"Drugs are bad. Mmm-kay?" — Mr. Mackey, South Park
Traffic is a highly stylized and cautionary tale about the current drug trade from director Steven Soderbergh. It was a 2001 Best Picture Oscar nominee, and walked away with four Oscar wins for Best Director, Best Editing, Best Supporting Actor (Benicio Del Toro), and Best Adapted Screenplay. It contains a sprawling web of plots and a host of characters, led by Benicio Del Toro, Michael Douglas, Catherine Zeta-Jones, Don Cheadle, Dennis Quaid, Luis Guzman, and Topher Grace. The Blu-ray release is the latest in Universal's offerings of "flipper" discs, which contain both the Blu-ray and standard DVD versions of the film on opposite sides of the same disc.
Movie
Traffic is another entry in the grouping of films that contain a myriad of plots and characters that lightly connect to form a greater whole. While films such as Babel and Magnolia take that approach in more of an emotional direction, Traffic keeps things reined in by subject matter. Here we are treated to various facets of the drug trade between the United States and Mexico. We see it from various angles, from the Washington drug czar with a drug-addicted daughter, to an unsuspecting housewife who finds out about her dealer husband's business, to the California DEA agents who are on surveillance and witness protection duty, and finally to the Mexican cops who get caught in inter-cartel rivalries. The scenarios feel true-to-life, and are given depth by some truly impressive roles. Benicio Del Toro deserves pretty much any acting award on offer, and Michael Douglas and Don Cheadle turn in, as usual, very impressive performances. Soderbergh handles all of these interconnected stories with excellent pacing and style.

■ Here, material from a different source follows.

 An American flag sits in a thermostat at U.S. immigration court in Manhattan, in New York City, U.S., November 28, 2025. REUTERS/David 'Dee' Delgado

But the main problem with the film is in its very heavy-handed approach to the subject matter. More than just being cautionary, it's preachy. To its credit, it's an authentic and informed concern, but the delivery too often pushes it over into melodrama. The scenes involving the drug-addled teens have all the subtlety of an after-school special, and those centering around the informant under protection are so soaked in current events exposition that it's easy to lose the movie for the statistics exercise. It feels like really sloppy moments in something that could otherwise border on exceptional. But instead we have several tarnished edges to some fine filmmaking.
Video/Audio
The video transfer for this release may not be the super-clean version that some might hope for or expect, but what is there feels very true to the various looks of the film itself. Traffic contains a variety of visual styles, depending on the current location of the story. Scenes in Ohio and Washington are very stark and cleanly modern, while those taking place in Mexico are almost hyper-grainy, sepia-soaked, and blown out. The visual contrasts of the film are certainly intentional, and because of that come across as authentically transferred. Because of this, clean detail and contrast - and even film debris - vary depending on the scene you find yourself, but the overall result seems quite good.